In rural areas such as Kacha Koh, where this heinous crime was committed, such activities are commonplace and perpetrators are seldom punished seriously. A patriarchal society such as Pakistan, which treats men as superior to women in the household, gives husbands and fathers license to subjugate and demean women in their families. Another major factor that creates prejudice against physically disabled people is the lack of infrastructure and facilities, which makes life difficult for people with disabilities and discourages their families from accepting them as active members of the society.
In a culture where young women are considered a drain on the family because of the outdated tradition of dowry, a female infant being buried alive because of a physical deformity is not unheard of. It is a reaction to the larger issues of ignorance and superstition which give way to such behavior. Another problem which faces Pakistan today is poverty and inflation which forces the public to take extreme measures.
If a family of four cannot afford to feed themselves, they will most likely turn to illegal or criminal activity. Without education, without community support, without the planning or resources necessary to survive, they will certainly not be able to earn an honest living. Without a doubt, these are the basic reasons for the distressing rise in criminal activity in Pakistan. It is also expected that going to the police or through the court system will only hurt the family, not help them.
If this wasn’t enough, in many rural areas, contraception is either not available or majorly distrusted. Such communities use religion as a political tool in order to make their own law and order and excuse having more kids than they can afford by giving made-up justifications for their actions. It is also a way of forcing women to stay inside the home and create a separation of the genders so that women stay disempowered.

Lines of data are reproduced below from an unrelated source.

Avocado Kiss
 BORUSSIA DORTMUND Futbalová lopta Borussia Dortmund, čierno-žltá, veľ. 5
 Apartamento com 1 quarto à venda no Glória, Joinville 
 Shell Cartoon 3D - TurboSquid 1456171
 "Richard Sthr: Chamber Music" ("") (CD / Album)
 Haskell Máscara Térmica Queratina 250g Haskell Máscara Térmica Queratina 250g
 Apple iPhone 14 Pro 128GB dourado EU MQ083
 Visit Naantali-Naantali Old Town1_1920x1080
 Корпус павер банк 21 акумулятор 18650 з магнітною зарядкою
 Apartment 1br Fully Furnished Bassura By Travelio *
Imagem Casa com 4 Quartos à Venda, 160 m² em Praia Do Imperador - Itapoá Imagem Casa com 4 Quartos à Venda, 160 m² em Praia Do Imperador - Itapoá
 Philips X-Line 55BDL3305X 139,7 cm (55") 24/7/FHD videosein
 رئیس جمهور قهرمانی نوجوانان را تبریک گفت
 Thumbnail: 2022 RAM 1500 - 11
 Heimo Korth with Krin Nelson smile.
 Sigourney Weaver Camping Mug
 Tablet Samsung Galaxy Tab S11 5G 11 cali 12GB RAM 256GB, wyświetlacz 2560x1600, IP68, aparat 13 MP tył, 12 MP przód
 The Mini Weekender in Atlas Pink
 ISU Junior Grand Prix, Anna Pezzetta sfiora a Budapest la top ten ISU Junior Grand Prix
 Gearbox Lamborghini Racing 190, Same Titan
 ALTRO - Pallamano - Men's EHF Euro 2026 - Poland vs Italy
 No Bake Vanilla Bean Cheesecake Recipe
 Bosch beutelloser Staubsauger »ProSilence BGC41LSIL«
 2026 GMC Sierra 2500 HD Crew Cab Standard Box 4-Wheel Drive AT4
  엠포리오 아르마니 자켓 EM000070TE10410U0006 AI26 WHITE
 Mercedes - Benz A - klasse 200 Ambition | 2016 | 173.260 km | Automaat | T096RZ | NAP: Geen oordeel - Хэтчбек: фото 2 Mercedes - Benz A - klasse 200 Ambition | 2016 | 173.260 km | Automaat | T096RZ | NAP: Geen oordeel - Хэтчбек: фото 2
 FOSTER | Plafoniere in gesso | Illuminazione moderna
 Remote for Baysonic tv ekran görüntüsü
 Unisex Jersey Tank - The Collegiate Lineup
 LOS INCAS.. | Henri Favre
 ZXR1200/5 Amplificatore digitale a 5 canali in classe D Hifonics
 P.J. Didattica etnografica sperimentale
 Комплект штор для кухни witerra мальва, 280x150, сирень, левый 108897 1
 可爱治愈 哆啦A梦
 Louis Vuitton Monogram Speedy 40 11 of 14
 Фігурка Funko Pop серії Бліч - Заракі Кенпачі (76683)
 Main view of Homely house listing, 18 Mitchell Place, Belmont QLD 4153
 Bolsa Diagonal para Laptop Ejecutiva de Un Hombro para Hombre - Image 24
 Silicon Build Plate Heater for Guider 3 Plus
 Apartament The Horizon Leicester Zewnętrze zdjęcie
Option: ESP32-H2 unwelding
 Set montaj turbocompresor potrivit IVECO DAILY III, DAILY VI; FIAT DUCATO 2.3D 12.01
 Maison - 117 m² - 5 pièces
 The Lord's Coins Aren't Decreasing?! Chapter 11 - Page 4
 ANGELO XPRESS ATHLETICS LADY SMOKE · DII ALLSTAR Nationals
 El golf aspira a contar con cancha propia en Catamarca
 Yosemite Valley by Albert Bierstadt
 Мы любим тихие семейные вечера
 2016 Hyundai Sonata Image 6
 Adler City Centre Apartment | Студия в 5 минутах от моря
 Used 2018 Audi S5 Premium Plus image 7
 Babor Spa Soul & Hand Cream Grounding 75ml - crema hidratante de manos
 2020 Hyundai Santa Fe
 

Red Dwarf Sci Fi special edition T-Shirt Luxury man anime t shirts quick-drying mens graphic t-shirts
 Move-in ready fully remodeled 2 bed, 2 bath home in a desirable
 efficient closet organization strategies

Moving forward, Pakistan desperately needs to invest in education. Like food, water, and shelter, education is a fundamental human right and if a society does not make a conscious effort to educate its population, it will never succeed. Secondly, it is essential for the nation to focus on implementation of law so that such crimes and atrocities are lessened, if not uprooted altogether. Furthermore, Pakistani society needs to empower and value its women who are just as capable, intelligent, persevering, and strong as women in any other society or country. Without these changes, Pakistan will only regress towards inequality, ignorance, and infamy.